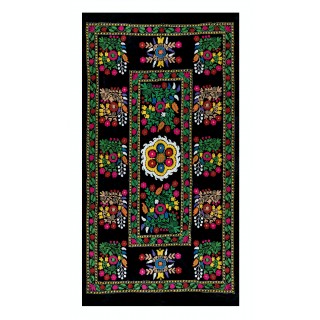 Vintage Uzbek Hand Embroidered Bed or Table Cover. Decorative Silk & Cotton Wall Hanging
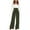 Army Green, variant on Wide Leg Pants for Women High Waist Dressy Bow Tie Pant Work Business Casual Trousers with Pockets Beige S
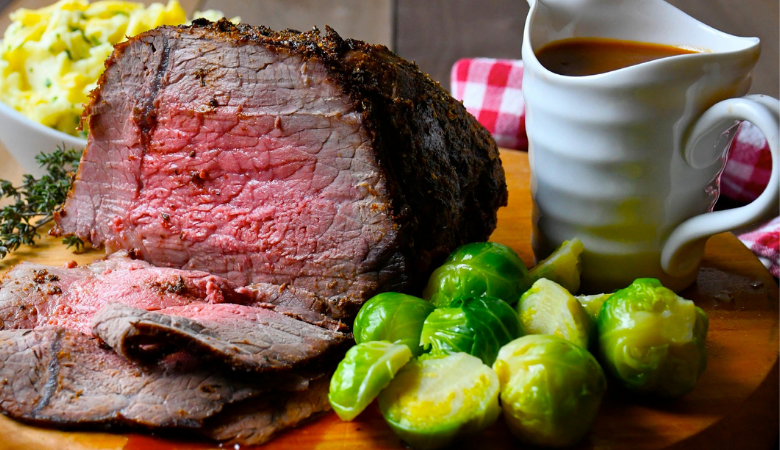 Roast Beef with Cheddar, Parsley and Horseradish Mashed Potatoes 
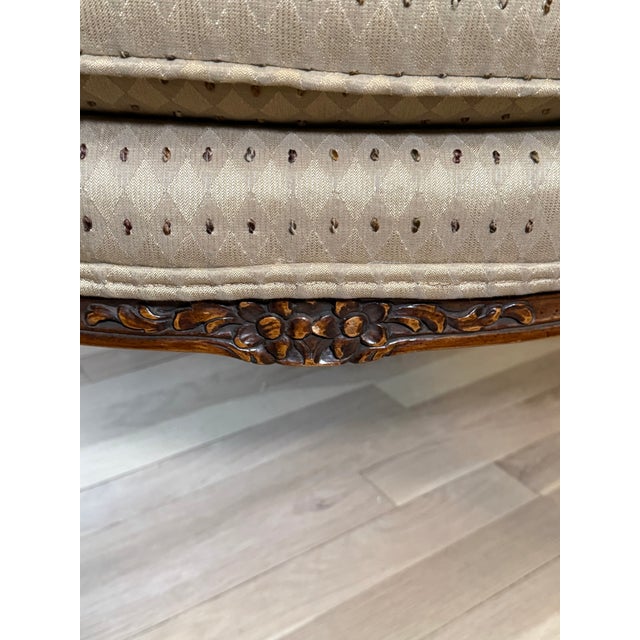 Brown Vintage French Louis XV Style Carved Wood Accent Armchair For Sale - Image 8 of 8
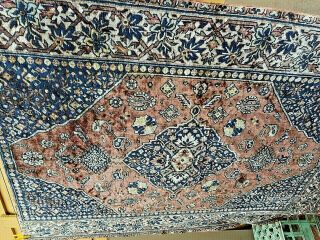 Antique Moquette persian rug patterned throw or rug blues and pinks 2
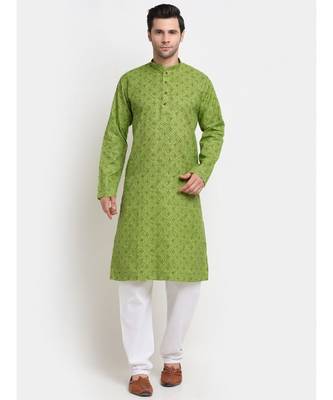 Men Green Cotton Printed Straight Kurta 1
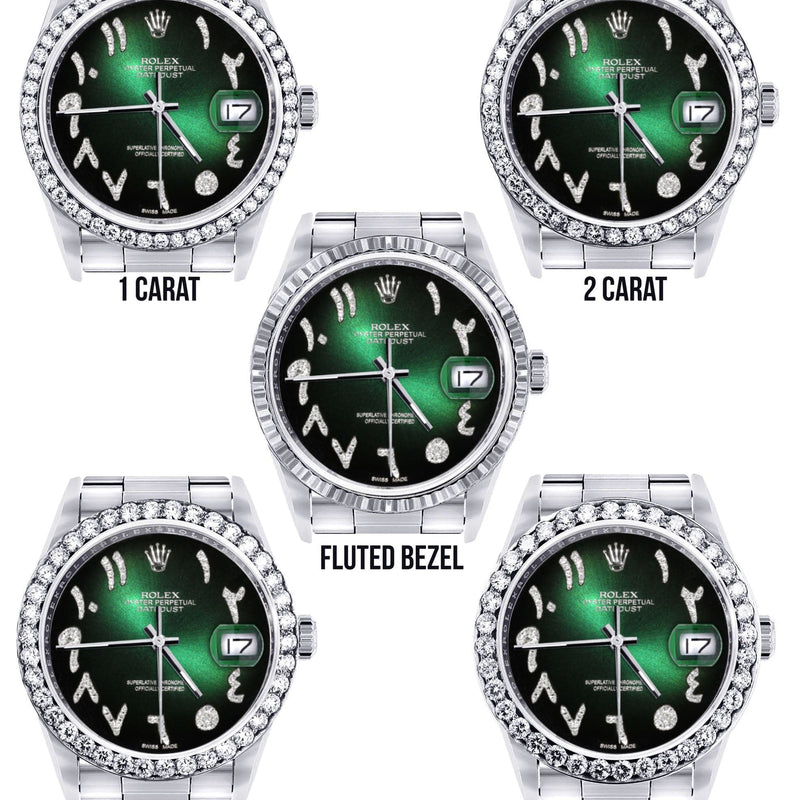 Diamond Mens  Rolex Datejust Watch 16200 | 36Mm | Green Black Arabic Diamond Dial | Oyster Band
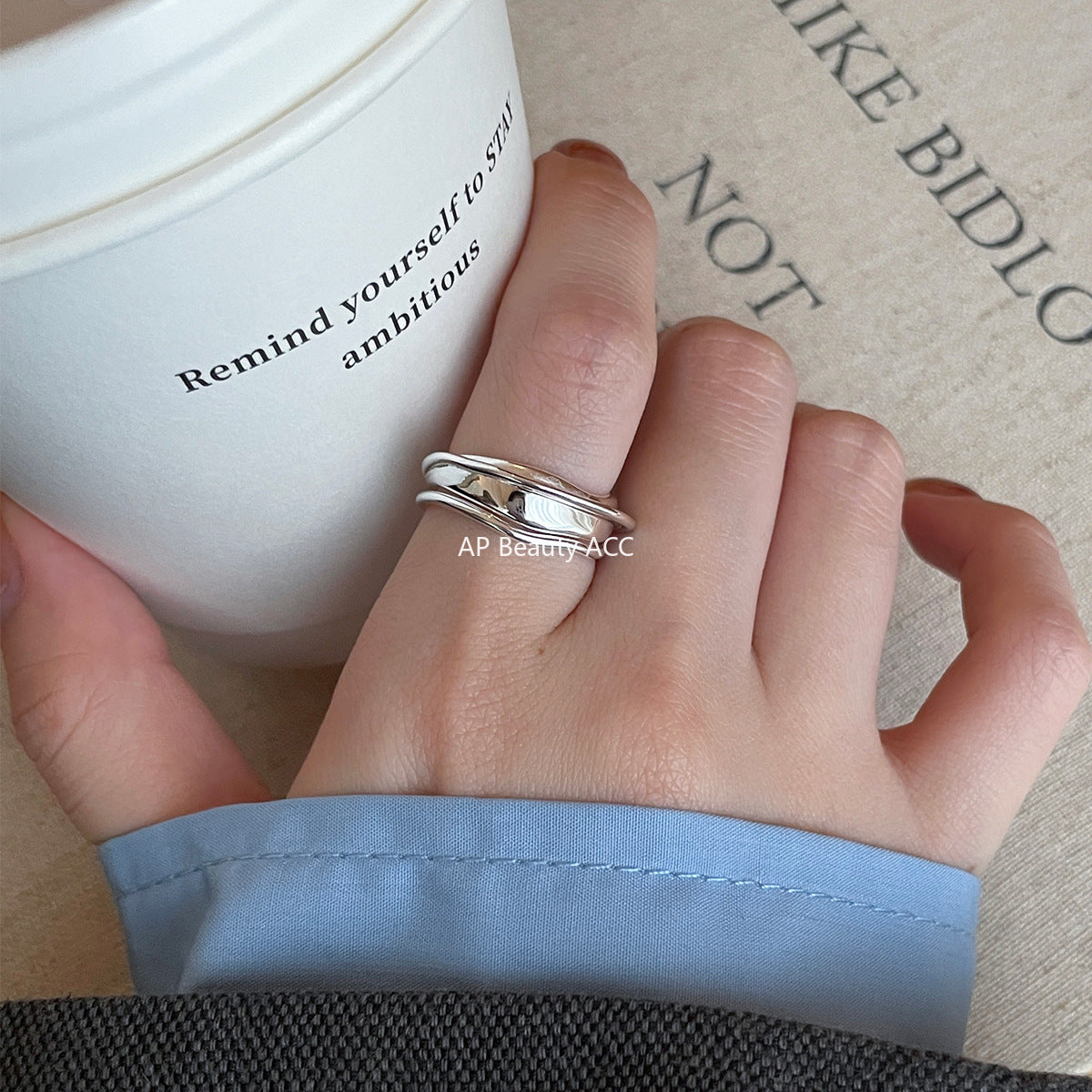 C廠-輕奢高級感純銀戒指女小眾設計個性疊戴風指環時尚ins風韓版指戒「JZ-0595」25.11-2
········
[Exercise description]: The line containing "Men Green Cotton Printed Straight Kurta 1" and each line after it through the end of the listing above are to be written out exactly, without the pictures.

[Answer box]:
 Men Green Cotton Printed Straight Kurta 1
 Diamond Mens  Rolex Datejust Watch 16200 | 36Mm | Green Black Arabic Diamond Dial | Oyster Band
 C廠-輕奢高級感純銀戒指女小眾設計個性疊戴風指環時尚ins風韓版指戒「JZ-0595」25.11-2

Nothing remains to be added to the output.